In Let’s Get Physical: How Women Discovered Exercise and Reshaped the World, Danielle Friedman sets out to do something ambitious. Friedman chronicles the rise of women’s exercise in the 20th century, the pioneers and the programs that rose to prominence and became cultural obsessions, as well as the overall trend towards health and fitness. Friedman argues that women came to exercise for aesthetic rewards, the goal being to look good, but that women stuck with exercise because it made them feel good.
Freidman begins her story in the 1950’s when the first calisthenics style exercises for women became popular. Bonnie Pruden was one of the first to become nationally known for encouraging women to “keep fit”. Her work on fitness for women and children would lead her to be on the team that later created the President’s Physical Fitness Test (yes, you have Bonnie to blame for that rope climb). After Bonnie, Freidman takes us through a tour of fitness trends from barre to jogging, yoga to Jane Fonda. This is the part that Freidman does well. We’re given lots of interesting facts and tidbits about the history of fitness. Before “athleisure” was an everyday word we had the women who invented the sports bra. (One of those women would go on to win several Emmy’s for her work costuming the Muppets on Sesame Street.) It’s fun to see how trends emerged and how fitness influencers like Jane Fonda reflect bigger societal and cultural patterns.

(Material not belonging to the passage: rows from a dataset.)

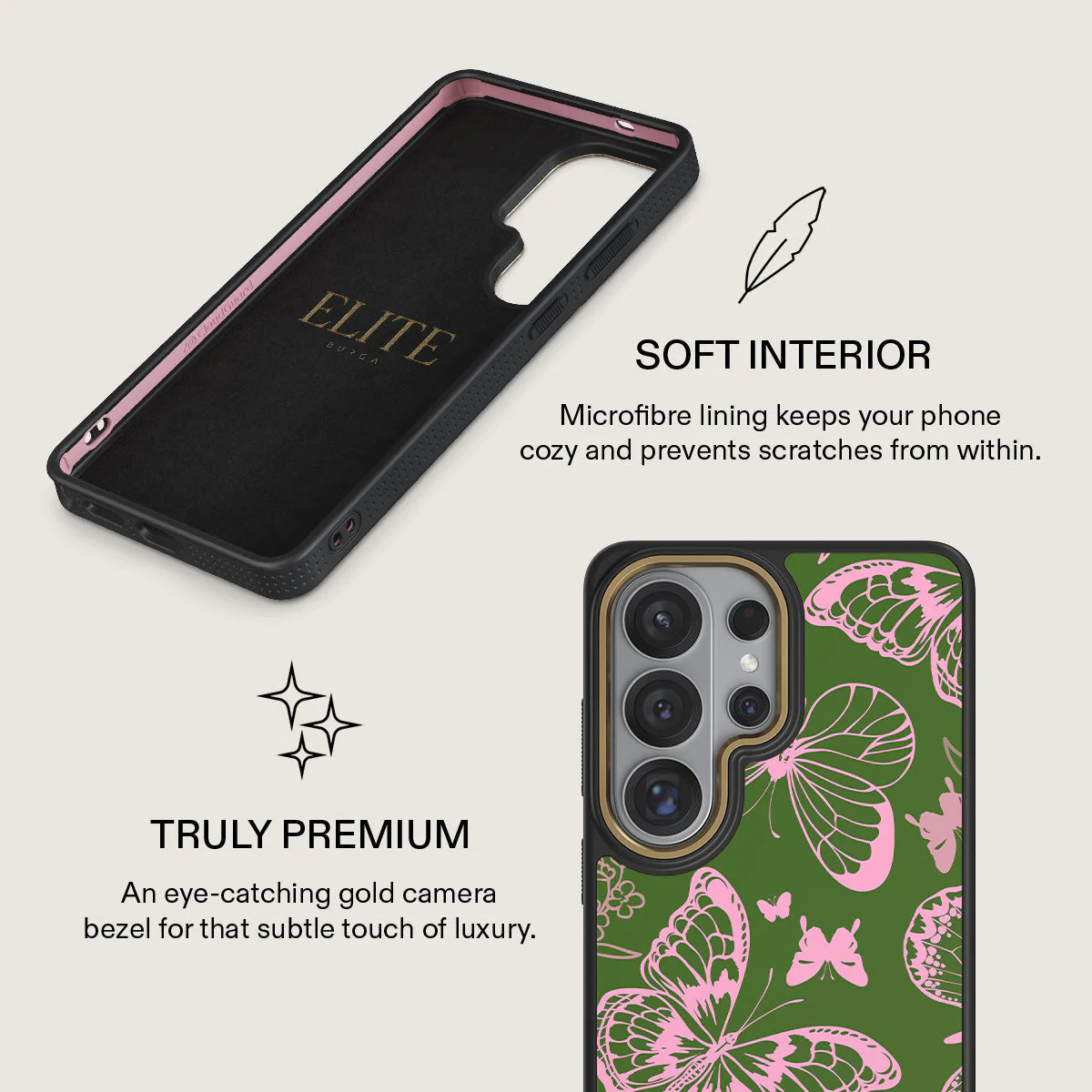 No Regrets - Samsung Galaxy S26 Ultra Case - Image 10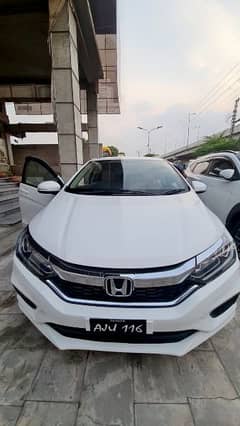 Honda City IVTEC 2022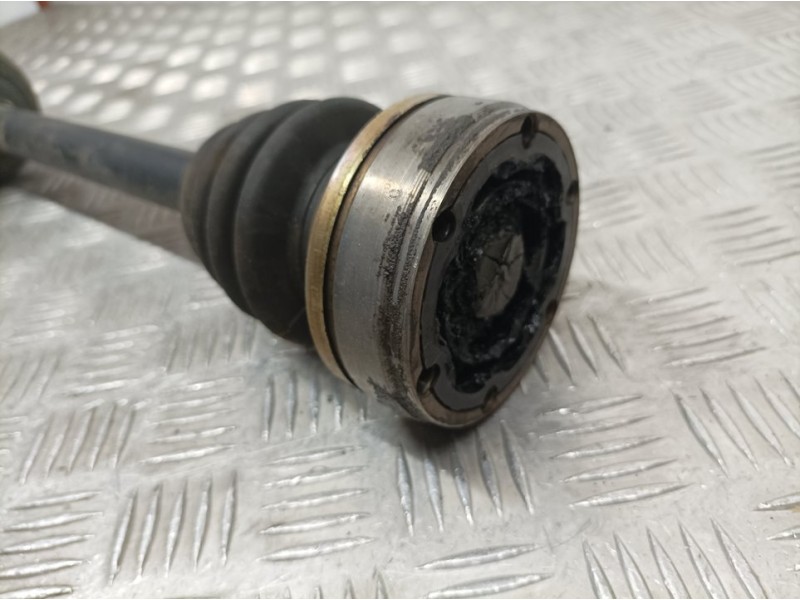 Recambio de transmision delantera izquierda para seat ibiza (6k) básico referencia OEM IAM 191407271N  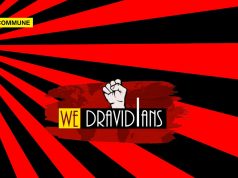 Hate-Spewing Separatist Page With DMK Links Gets Cooked By Netizens Hate-Spewing Separatist Page With DMK Links Gets Cooked By Netizens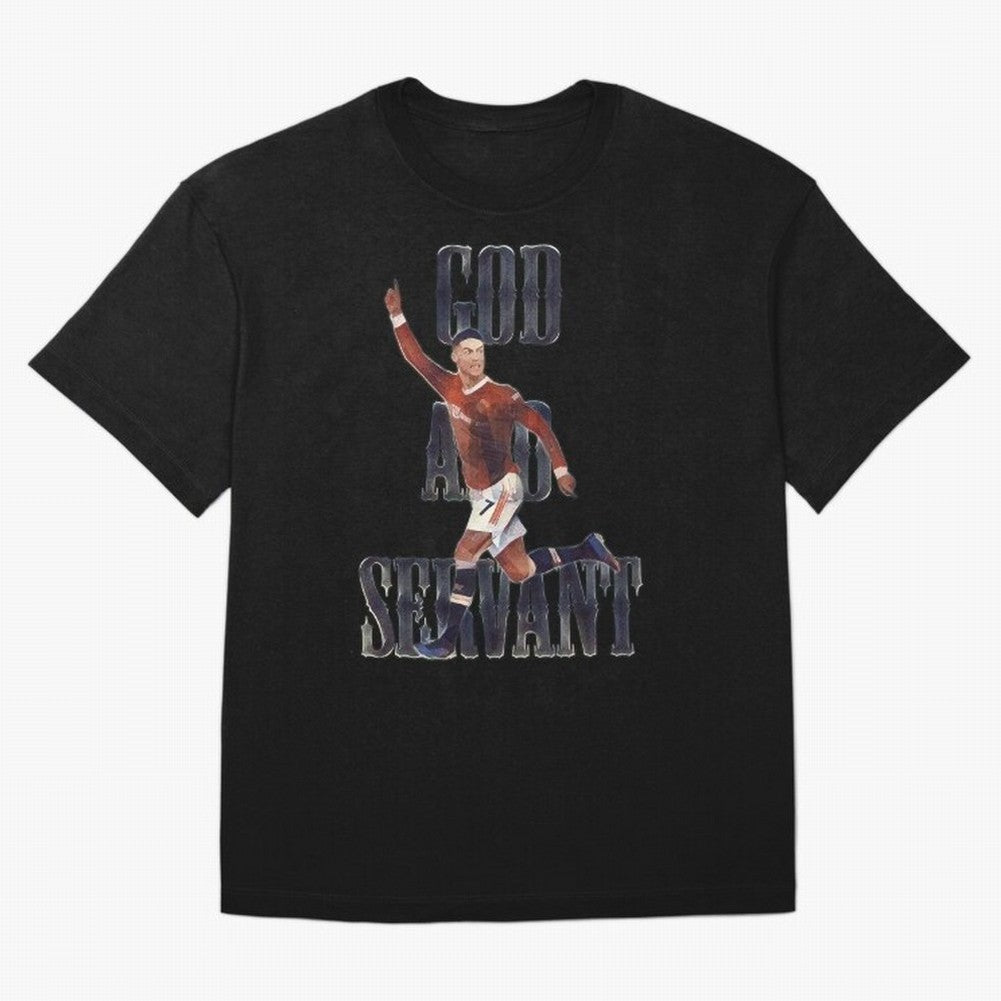 cristiano ronaldo paint art Oversized T-Shirt Remember the FIFA World Cup 2026 Journey through Messi, Neymar and Mbappe Highlights, Netherlands Pride, Retro Football Energy, Iconic Rivalries, Trophy Chase Drama and Stadium Atmosphere; Made for Die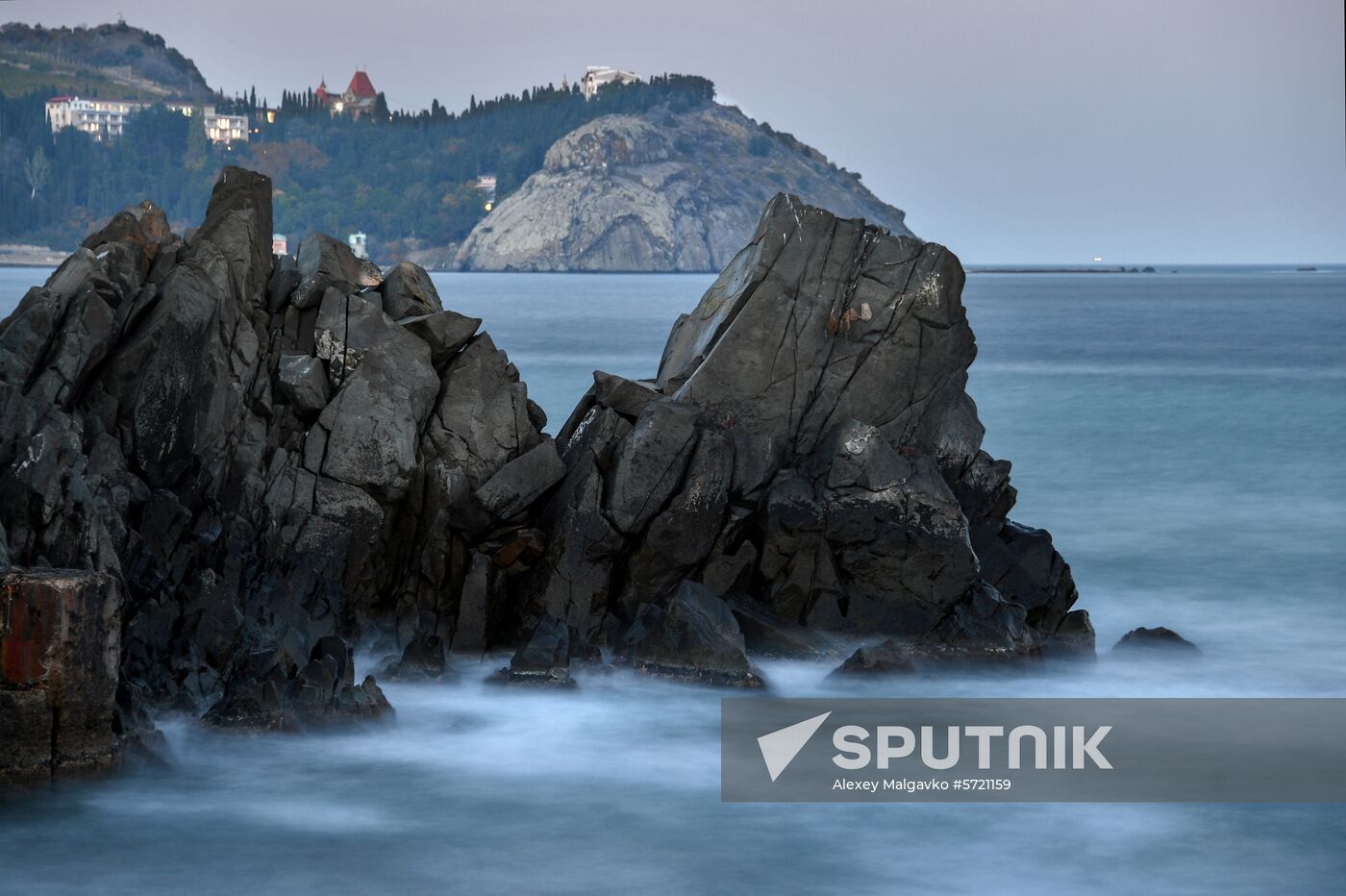 Russia Crimea Daily Life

Friedman tries to explain that these fitness fads, and indeed all personal fitness, is largely aimed at middle class women who have the leisure time and money to devote to fitness essentials. However, other than asserting this fact time and time again Friedman doesn’t offer a lot of context or definitive proof. She does feature a few Black influencers and talks to them to uncover their struggles to “make it” in a world where no one looked like them. I would have liked to hear more from these women and other women who don’t fit the traditional mold of what an influencer typically looks like. Freidman also states repeatedly that women often come to exercise for physical transformation, but stick with it because it transforms their mental.